(YOUR GOAL) Write out the lines below once more, exactly as they appear. Do not include pictures.

(COLLECTED DATA)
★ ★ ★

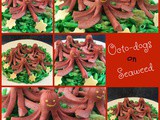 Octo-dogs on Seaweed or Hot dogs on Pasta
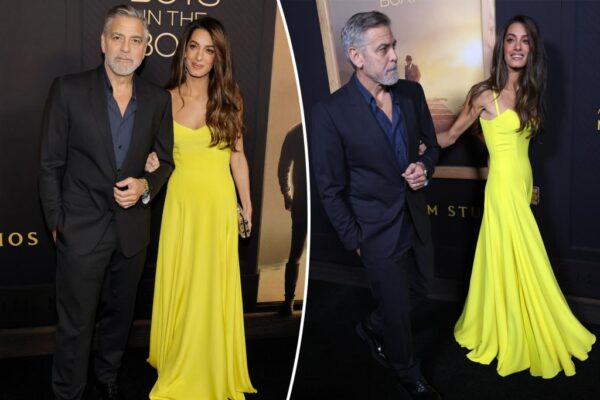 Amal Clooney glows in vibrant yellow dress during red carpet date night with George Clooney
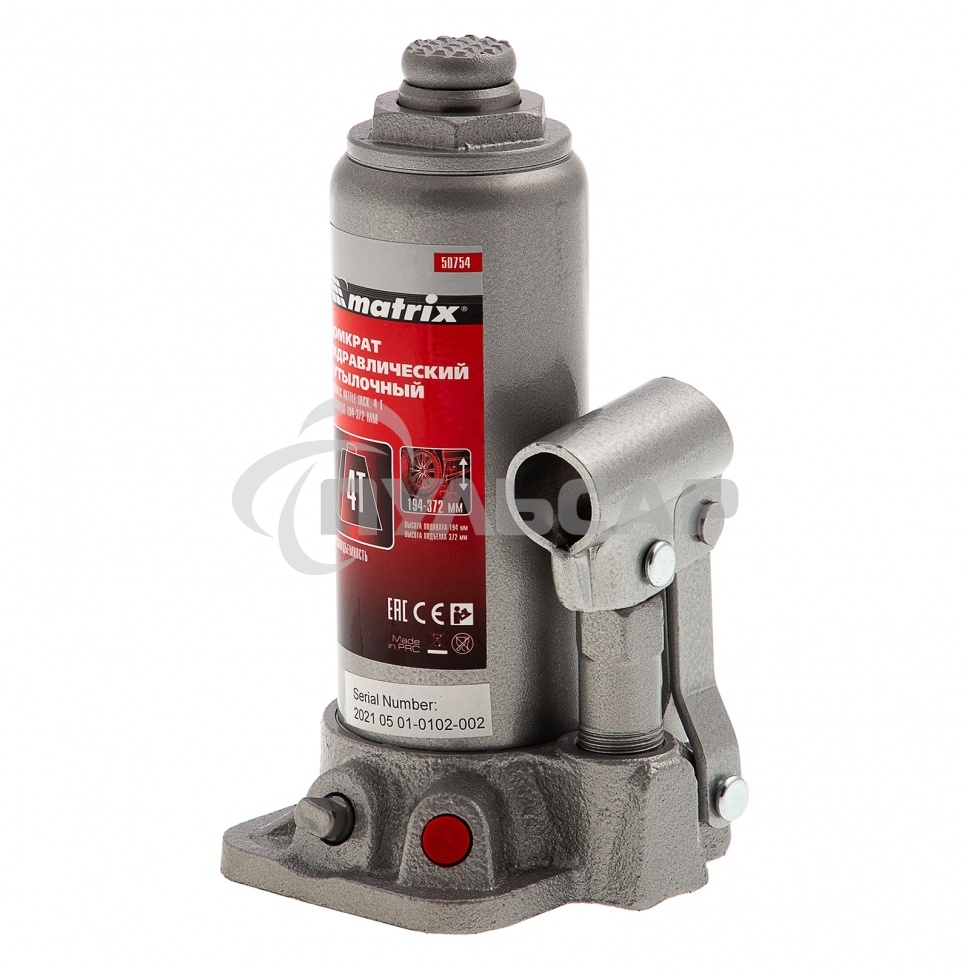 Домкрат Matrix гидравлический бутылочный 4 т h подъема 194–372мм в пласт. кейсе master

★ ★ ★

(RESPONSE TO THIS EXERCISE)
 Octo-dogs on Seaweed or Hot dogs on Pasta
 Amal Clooney glows in vibrant yellow dress during red carpet date night with George Clooney
 Домкрат Matrix гидравлический бутылочный 4 т h подъема 194–372мм в пласт. кейсе master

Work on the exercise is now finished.